What you need to do: Span requested from the data below: the line with "Perspektivwechsel: Bei einer" through the line with "Vehicle image 14 of 47", both included. Give only these lines again, exactly, and leave every picture out.

Data for the task:
# # # #

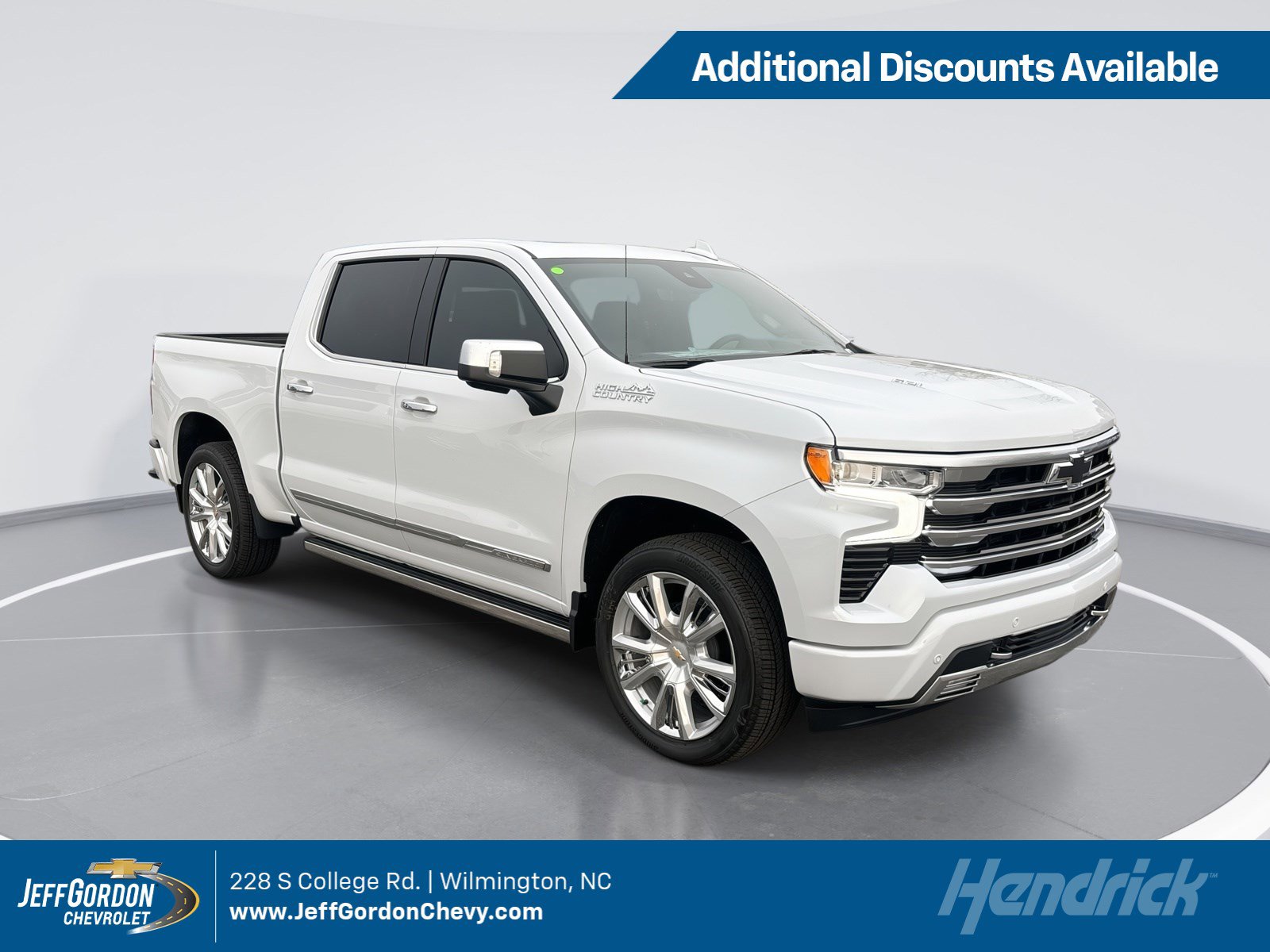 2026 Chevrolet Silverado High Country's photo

# # # #

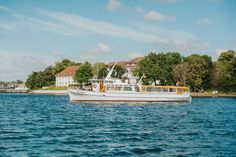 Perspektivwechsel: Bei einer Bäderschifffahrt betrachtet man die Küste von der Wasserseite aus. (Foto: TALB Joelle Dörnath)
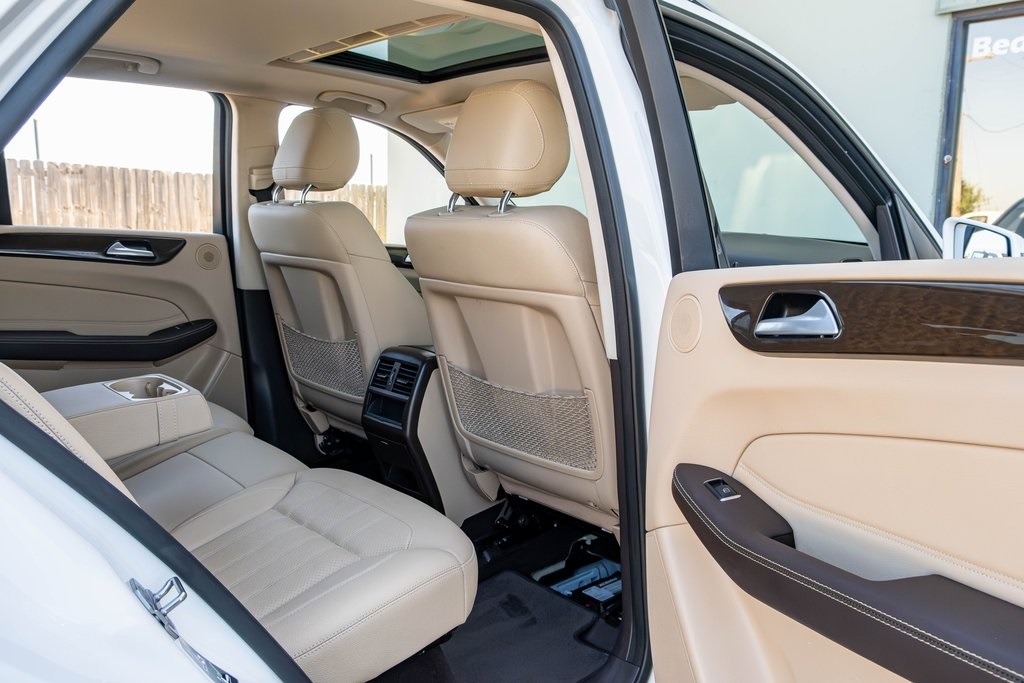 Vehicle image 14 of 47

# # # #

Response box:
 Perspektivwechsel: Bei einer Bäderschifffahrt betrachtet man die Küste von der Wasserseite aus. (Foto: TALB Joelle Dörnath)
 Vehicle image 14 of 47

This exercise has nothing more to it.